WORK ITEM: When a line of the entries contains "Earring", please list that line.

RECORDS SUPPLIED:
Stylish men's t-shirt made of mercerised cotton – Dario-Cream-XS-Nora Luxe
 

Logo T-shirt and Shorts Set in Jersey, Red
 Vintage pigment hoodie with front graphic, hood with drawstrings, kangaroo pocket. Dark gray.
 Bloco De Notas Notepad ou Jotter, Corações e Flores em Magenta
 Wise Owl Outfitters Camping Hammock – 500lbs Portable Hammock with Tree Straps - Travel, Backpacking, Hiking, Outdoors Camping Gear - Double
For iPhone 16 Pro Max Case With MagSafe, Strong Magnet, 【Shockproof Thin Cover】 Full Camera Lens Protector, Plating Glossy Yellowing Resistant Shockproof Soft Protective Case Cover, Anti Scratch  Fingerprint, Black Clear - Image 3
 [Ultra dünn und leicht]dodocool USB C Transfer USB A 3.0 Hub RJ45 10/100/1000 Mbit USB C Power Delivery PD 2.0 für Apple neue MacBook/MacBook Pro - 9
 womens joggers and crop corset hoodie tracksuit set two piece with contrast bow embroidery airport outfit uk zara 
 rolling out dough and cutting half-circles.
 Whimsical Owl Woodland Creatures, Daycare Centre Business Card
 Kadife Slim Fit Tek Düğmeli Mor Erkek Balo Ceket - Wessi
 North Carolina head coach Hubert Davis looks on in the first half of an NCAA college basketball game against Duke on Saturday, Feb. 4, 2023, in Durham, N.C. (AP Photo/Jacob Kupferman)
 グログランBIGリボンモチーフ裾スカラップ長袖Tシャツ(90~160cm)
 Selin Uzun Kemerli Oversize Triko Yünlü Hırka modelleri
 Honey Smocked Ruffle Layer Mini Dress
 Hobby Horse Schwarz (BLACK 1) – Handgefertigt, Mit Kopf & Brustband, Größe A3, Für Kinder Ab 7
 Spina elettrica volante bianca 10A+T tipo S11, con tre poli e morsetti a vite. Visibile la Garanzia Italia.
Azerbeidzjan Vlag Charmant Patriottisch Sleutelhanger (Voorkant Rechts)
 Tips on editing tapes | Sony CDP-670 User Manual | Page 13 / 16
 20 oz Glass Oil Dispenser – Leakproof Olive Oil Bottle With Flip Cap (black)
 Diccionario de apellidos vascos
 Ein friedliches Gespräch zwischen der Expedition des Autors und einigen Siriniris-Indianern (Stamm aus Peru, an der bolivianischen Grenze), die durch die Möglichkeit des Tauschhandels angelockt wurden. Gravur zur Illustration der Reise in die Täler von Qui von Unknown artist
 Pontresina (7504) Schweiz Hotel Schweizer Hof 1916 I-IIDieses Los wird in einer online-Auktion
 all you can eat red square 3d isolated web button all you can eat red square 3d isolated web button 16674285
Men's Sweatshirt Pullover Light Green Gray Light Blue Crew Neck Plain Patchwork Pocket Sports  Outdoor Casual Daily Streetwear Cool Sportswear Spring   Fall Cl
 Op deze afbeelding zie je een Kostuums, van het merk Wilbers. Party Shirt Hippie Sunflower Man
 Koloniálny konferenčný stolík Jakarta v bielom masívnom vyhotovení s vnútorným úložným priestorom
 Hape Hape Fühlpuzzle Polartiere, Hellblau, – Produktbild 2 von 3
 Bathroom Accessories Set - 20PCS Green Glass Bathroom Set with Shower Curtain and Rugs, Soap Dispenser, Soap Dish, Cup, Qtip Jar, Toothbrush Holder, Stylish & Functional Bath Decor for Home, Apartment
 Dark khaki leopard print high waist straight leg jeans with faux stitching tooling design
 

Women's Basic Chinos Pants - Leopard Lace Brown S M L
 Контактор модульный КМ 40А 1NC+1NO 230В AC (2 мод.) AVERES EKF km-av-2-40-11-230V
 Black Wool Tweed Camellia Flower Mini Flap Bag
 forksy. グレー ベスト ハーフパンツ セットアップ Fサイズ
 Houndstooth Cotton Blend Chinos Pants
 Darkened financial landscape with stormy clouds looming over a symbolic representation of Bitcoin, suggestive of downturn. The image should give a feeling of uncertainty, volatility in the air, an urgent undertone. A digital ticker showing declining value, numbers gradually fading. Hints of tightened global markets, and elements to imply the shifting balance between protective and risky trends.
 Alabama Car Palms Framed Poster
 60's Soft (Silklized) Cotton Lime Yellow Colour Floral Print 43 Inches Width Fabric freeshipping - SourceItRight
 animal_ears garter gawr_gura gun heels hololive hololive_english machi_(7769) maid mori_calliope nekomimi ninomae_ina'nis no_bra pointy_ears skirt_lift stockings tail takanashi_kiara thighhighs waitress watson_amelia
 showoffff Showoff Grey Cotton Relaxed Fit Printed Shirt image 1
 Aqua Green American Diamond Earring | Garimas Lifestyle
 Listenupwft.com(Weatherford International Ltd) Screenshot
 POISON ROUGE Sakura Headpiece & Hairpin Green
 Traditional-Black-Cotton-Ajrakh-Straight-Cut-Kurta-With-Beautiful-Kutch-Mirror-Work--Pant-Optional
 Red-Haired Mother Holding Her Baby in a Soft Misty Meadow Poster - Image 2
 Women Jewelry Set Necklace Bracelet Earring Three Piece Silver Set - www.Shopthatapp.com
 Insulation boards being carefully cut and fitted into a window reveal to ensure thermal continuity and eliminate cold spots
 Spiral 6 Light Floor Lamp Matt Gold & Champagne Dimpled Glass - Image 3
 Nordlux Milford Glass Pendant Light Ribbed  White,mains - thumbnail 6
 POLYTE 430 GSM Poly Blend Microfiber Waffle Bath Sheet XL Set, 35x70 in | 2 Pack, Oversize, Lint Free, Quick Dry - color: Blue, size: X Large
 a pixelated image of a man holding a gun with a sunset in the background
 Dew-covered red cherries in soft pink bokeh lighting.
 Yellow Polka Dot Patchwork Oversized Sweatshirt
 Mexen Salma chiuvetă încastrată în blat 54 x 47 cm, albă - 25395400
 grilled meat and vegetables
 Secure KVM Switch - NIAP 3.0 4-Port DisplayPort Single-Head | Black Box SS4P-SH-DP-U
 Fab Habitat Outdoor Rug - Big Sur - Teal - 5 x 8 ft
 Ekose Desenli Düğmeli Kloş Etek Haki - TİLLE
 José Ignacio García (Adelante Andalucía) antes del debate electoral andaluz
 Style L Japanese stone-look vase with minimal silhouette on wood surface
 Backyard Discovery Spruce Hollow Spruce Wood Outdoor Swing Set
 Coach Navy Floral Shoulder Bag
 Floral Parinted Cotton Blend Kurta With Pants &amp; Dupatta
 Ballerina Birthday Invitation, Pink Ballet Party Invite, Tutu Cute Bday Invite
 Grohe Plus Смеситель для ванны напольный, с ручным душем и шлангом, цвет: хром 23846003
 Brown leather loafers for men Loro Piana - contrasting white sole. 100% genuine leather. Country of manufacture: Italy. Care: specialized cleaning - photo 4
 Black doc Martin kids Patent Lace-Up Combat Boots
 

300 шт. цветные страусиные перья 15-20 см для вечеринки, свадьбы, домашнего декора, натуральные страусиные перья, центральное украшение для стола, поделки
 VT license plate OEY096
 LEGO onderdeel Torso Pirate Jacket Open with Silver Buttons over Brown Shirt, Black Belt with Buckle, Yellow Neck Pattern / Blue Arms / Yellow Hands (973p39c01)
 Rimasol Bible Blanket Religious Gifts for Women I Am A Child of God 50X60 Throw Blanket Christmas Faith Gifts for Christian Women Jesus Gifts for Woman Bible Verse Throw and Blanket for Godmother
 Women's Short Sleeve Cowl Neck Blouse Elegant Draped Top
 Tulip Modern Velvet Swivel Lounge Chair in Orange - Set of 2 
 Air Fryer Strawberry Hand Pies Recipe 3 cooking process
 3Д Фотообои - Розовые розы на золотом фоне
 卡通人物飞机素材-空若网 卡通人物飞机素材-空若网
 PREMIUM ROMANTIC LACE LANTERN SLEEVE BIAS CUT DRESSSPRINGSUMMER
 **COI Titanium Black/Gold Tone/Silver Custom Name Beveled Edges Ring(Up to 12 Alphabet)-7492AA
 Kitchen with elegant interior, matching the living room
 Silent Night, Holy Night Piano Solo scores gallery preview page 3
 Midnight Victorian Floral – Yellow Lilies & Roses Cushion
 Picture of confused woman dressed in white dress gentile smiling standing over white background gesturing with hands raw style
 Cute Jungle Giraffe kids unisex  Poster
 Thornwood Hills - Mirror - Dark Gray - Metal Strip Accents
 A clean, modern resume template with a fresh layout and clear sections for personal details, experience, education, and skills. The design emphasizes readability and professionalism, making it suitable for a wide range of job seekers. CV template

TASK RESPONSE:
 Aqua Green American Diamond Earring | Garimas Lifestyle
 Women Jewelry Set Necklace Bracelet Earring Three Piece Silver Set - www.Shopthatapp.com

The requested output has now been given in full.